The Encavis share benefitted already since autumn 2020 of the potential promotion from SDAX to MDAX, that happened Mid-March 2021.
Encavis AG's market capitalisation and liquidity have significantly improved since the same quarter of the previous year. At the end of trading on 10 August 2021, the market capitalisation amounted to some EUR 2,234 million (10 August 2020: EUR 1,877 million), corresponding to an increase of approximately 19 %. As a result of the increase in market capitalisation and daily trading volume of the Encavis AG share over the last 12 months, the share was moved via the fast-entry process from the SDAX to the MDAX – the index with the 60 largest exchange-listed companies in Germany after the DAX, measured by market capitalisation and daily trading volume – effective on 22 March 2021.
At the start of January this year, the Encavis share reached its all-time high price of EUR 25.55 and stayed around that level until the start of February, before following the general trend of continuous consolidation among renewable energy companies. The price correction was further reinforced by the announcement of the Standard & Poors (S&P) Clean Energy Index on 11 February 2021 to adjust its composition: instead of retaining the previous 30 predominantly European stocks, the index was increased to around 90 stocks. North American stocks in particular now complement the portfolio. The resulting rebalancing of the individual stocks therefore resulted in a significantly weaker weighting of the previous 30 stocks, which also included Encavis. This rebalancing, as defined on 2 April and in place by 19 April, led to a reallocation of a roughly estimated amount of USD 300 million, or EUR 250 million, in Encavis shares alone. At the close of trading on 10 August 2021, the share reached a price of EUR 16.03.
The shareholder structure of Encavis AG was as follows in August 2021:

The Annual General Meeting of Encavis AG took place once again as a virtual event on 27 May 2021. This year's presence of the voting share capital amounted to just over 59.8 %, almost reaching the previous year's presence of around 61.6 %.

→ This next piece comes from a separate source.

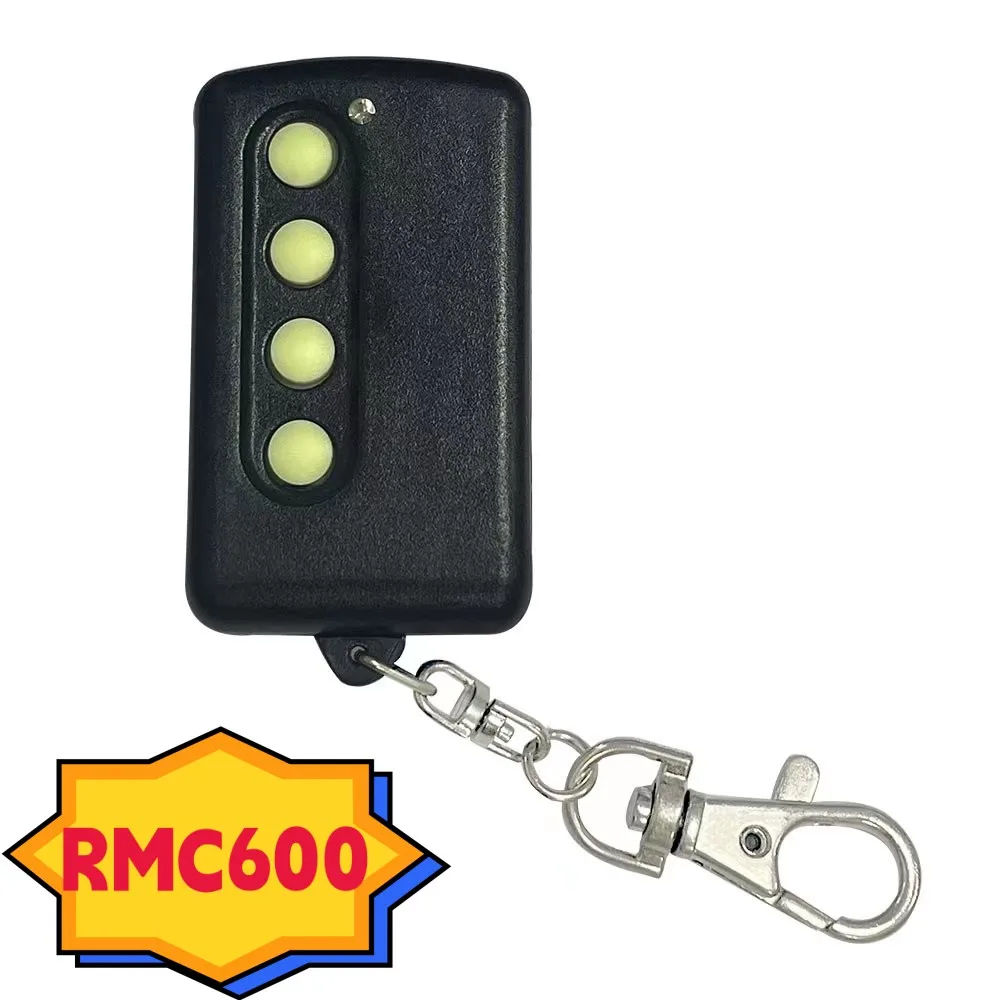 250450MHzRemoconRMC600GarageDoorRemoteControlReplacment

The Annual General Meeting once again decided to increase the cash dividend to EUR 0.28 (previous year: EUR 0.26) per share by a vote of 98.32 %. This was the ninth dividend increase in a row and means that the targeted dividend of EUR 0.30 per share for the current 2021 financial year has largely been achieved. As in the previous years, the shareholders had the option of choosing between the payment of a cash dividend and a non-cash dividend consisting of shares in Encavis AG. A large proportion of the shareholders (42.9 %) chose once again to receive the dividend in the form of shares.

Date Financial Event
| 2021 | |
|---|---|
| 13 August 2021 | Interim financial report for Q2/first half of 2021 |
| 16 August 2021 | Jefferies Virtuelle Road Show, Europe |
| 24 August 2021 | Jefferies Virtuelle Road Show, Germany |
| 25 August 2021 | Montega HIT Hamburg Investor Days, Hamburg, Germany |
| 1 September 2021 | Commerzbank Sector Conference, Frankfurt a. M., Germany |
| 9 September 2021 | Raiffeisen Bank International ESG Conference |
| 12 September 2021 | Interest payment 2018 "Green SSD" |
| 13 September 2021 | Interest payment Hybrid Convertible |
| 20 September 2021 | 10th Baader Investment Conference, Munich, Germany |
| 22 to 23 September 2021 | Berenberg/Goldman Sachs 10th German Corporate Conf., Munich-Unterschleißheim, Germany (virtual) |
| 22 to 23 September 2021 | Alliance Bernstein's 18th Annual Strategic Decisions Conference for CEOs, USA (virtual) |
| 5 October 2021 | 1st Virtual Stifel Renewables Conference |
| 15 November 2021 | Quarterly report for Q3/first nine months of 2021 |
| 22 to 24 November 2021 | German Equity Capital Market Forum, Deutsche Börse, Frankfurt/Main, Germany |
| 30 November 2021 | Crédit Mutuel-CIC Renewable Conference – by ESN, London, United Kingdom |
| 30 November 2021 | DZ Bank Equity Conference, Frankfurt a. M., Germany |
| 6 to 8 December 2021 | Berenberg European Conference 2021, Pennyhill Park, Surrey, United Kingdom |
| 11 December 2021 | Interest payment 2015 SSD |
| 6 to 7 January 2022 | 25th ODDO BHF Forum, France (100% virtual) |
|---|---|
| 10 to 12 January 2022 | Berenberg German Corporate Conference USA 2022, Manhattan, New York, United States |
| 17 January 2020 | UniCredit Kepler Cheuvreux 21st German Corporate Conference (GCC), Frankfurt/Main, Germany |
| 7 to 8 September 2022 | Stifel Cross Sector Insight Conference, London, United Kingdom |
The Encavis Group (hereinafter referred to as "the Group" or "Encavis") prepares the consolidated financial statements in accordance with the accounting principles of the International Financial Reporting Standards (IFRS). The interim consolidated financial statements were prepared in accordance with the provisions under IAS 34. The parent company is Encavis AG, with its registered office in Hamburg. It is responsible for the corporate strategy, portfolio and risk management and financing. The share capital comes currently to EUR 139,364,201.00, divided into 139,364,201 nopar-value shares.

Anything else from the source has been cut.